Mamta Tayal, learned Additional Sessions Judge, South West
District, Dwarka in respect of FIR No. 439/05 registered by
PS Dabri, under Section 307/498A/324/406/34 IPC,
acquitting both the accused of the said offence.
2. Briefly stated, the facts of the prosecution case, are that on
10.06.2005 at about 9 PM, when the appellant/complainant
Sunita was cleaning her room, suddenly her husband and her
mother-in-law, who are the accused persons, came there and
assaulted her physically. Accused Devender poured
kerosene oil on her while accused Maan Kumari threw
burning match stick on her. The match stick is alleged to
have landed on her dupatta which she immediately threw on
the floor. As a consequence of this, the dupatta got burnt.
The accused persons ran away from the spot. It is alleged
that, in the meantime, the brother of the appellant who had
gone to get some food, came back and poured water on her
which saved her life. PCR was informed about the incident by
the complainant and her brother. The local police came to
the spot but the complainant refused to make any statement
as she wanted to wait for her father to come. The
appellant/complainant was sent to DDU Hospital for medical
examination and on the next day after the arrival of her
father, she made a statement to the Police on the basis of
which the aforesaid FIR was recorded.
3. The matter was investigated and a charge sheet under Section
307/324/34 IPC was filed. The charges were framed against
both the accused persons. The prosecution in support of its
case examined nine witnesses. The prominent among them
being the appellant as PW-1 and her brother Virender as
PW2. Rest of the witnesses were formal in nature and were
mostly police officials, apart from the Medical Officer, who
conducted the medical examination. PW-3 is Constable Hari
Singh. PW-4 is Doctor Roshan Singh Patel, who was a
Junior resident at DDU Hospital at the relevant point of time.

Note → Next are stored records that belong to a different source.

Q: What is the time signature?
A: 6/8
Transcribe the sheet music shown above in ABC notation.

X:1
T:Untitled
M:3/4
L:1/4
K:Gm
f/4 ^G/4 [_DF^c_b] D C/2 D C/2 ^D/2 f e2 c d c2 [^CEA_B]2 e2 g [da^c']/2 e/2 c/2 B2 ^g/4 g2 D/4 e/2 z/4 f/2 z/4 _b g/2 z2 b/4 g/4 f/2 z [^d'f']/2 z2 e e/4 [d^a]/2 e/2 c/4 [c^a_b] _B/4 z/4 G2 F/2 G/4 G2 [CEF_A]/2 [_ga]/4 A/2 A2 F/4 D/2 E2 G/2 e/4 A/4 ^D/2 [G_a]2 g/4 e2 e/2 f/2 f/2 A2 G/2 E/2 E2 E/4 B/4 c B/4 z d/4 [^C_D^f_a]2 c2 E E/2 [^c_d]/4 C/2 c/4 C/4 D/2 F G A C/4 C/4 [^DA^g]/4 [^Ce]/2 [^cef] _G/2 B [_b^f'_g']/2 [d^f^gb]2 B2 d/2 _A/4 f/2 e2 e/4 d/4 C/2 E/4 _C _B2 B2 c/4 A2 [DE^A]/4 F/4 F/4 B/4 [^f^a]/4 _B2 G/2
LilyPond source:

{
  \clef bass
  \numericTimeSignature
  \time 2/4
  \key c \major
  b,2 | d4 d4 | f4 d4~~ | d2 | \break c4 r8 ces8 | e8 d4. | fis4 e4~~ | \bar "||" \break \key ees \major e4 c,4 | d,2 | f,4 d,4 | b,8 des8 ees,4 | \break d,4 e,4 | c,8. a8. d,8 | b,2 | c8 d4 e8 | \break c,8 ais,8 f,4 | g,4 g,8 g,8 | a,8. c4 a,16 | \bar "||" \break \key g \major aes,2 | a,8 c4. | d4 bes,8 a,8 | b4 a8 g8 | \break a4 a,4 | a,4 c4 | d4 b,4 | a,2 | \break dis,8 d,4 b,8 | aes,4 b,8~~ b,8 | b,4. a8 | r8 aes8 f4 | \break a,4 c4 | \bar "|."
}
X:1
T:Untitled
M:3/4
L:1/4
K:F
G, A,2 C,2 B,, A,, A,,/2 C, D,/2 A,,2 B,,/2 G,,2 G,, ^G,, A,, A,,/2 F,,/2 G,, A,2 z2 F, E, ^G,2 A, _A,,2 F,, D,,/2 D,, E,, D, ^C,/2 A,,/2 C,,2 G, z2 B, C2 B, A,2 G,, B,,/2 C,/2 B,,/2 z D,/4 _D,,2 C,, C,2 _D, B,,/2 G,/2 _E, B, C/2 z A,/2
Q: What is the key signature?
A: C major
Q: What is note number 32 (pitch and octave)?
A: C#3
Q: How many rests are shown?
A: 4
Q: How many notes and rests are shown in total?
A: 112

He had examined the appellant vide MLC (Ex.PW-4/A). PW-5
is ASI Sri Niwas, the Duty Officer who recorded the FIR
(Ex.PW-5/A). PW-6 is HC Parminder Kumar in whose
presence, accused Devender was arrested. PW-7 is Shiv
Singh, uncle of the complainant, Sunita. PW-8 is ASI
Satyawan, the first Investigating Officer. PW-9 is ASI Maharaj
Singh, the final Investigating Officer.
4. After conclusion of the prosecution evidence, the statement of
the accused persons was recorded under Section 313 of
Cr.P.C. whereby they denied the allegations made against
them. The accused persons did not adduce any evidence.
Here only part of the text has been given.